The shortlist for the 2015 Samuel Johnson Prize for non-fiction writing has been announced.

The six titles include Jonathan Bate's Ted Hughes: The Unauthorised Life and Robert Macfarlane's Landmarks.

A variety of genres, from journalism, philosophy and biography to memoir and science, feature in the shortlist.

The £20,000 prize, described by organisers as the UK's most prestigious of its type, was won last year by Helen Macdonald's H is for Hawk.

Macdonald was a special guest at the shortlist announcement by judges Sumit Paul-Choudhury and Rana Mitter at the London's Royal Festival Hall.

Her memoir, recounting how the death of her father prompted her to train a goshawk, went on to become a number one bestseller and to win last year's 2014 Costa Book of the Year Award.

The award is said to illustrate how non-fiction can explore the "diverse facets of human existence in different ways".

The list in full:

  • Jonathan Bate, Ted Hughes: The Unauthorised Life

  • Robert Macfarlane, Landmarks

  • Laurence Scott, The Four-Dimensional Human

  • Steve Silberman, Neurotribes: The Legacy of Autism and How to Think Smarter About People Who Think Differently

  • Emma Sky, The Unravelling: High Hopes and Missed Opportunities in Iraq

  • Samanth Subramanian, This Divided Island

This year's shortlist was chosen by a panel chaired by Pulitzer prize-winning historian and journalist Anne Applebaum, with editor of Intelligent Life Emma Duncan, editor of New Scientist Sumit Paul-Choudhury, director of China Centre at Oxford University Professor Rana Mitter and head of Film 4 Tessa Ross.

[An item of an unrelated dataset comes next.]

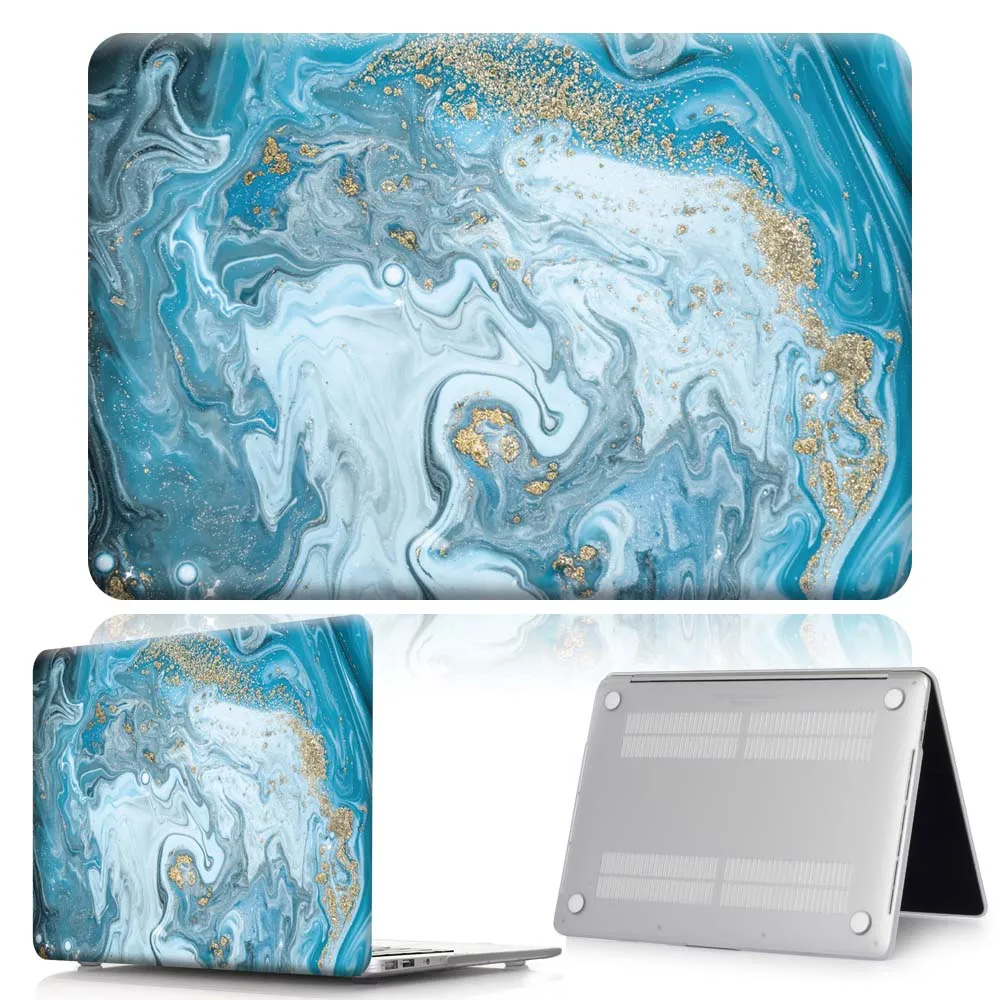 deep sky blue marble KK& LL для Apple MacBook Air Pro retina 11 12 13 15/Pro 13 15 жесткий чехол для ноутбука с сенсорной панелью+ клавиатура+ Защитная пленка для экрана - Цвет: deep sky blue marble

Applebaum said: "We didn't quite come to blows, but the shortlist meeting was truly contentious; it's hard to imagine how five people sitting in a room on a weekday morning could have disagreed more strongly."

Toby Mundy, executive director of the Samuel Johnson Prize, said: "After a fiercely argued judges meeting, we now have a shortlist of terrific range and quality, proving that non-fiction publishing in this country is in rude health."

The winner will be announced on 2 November.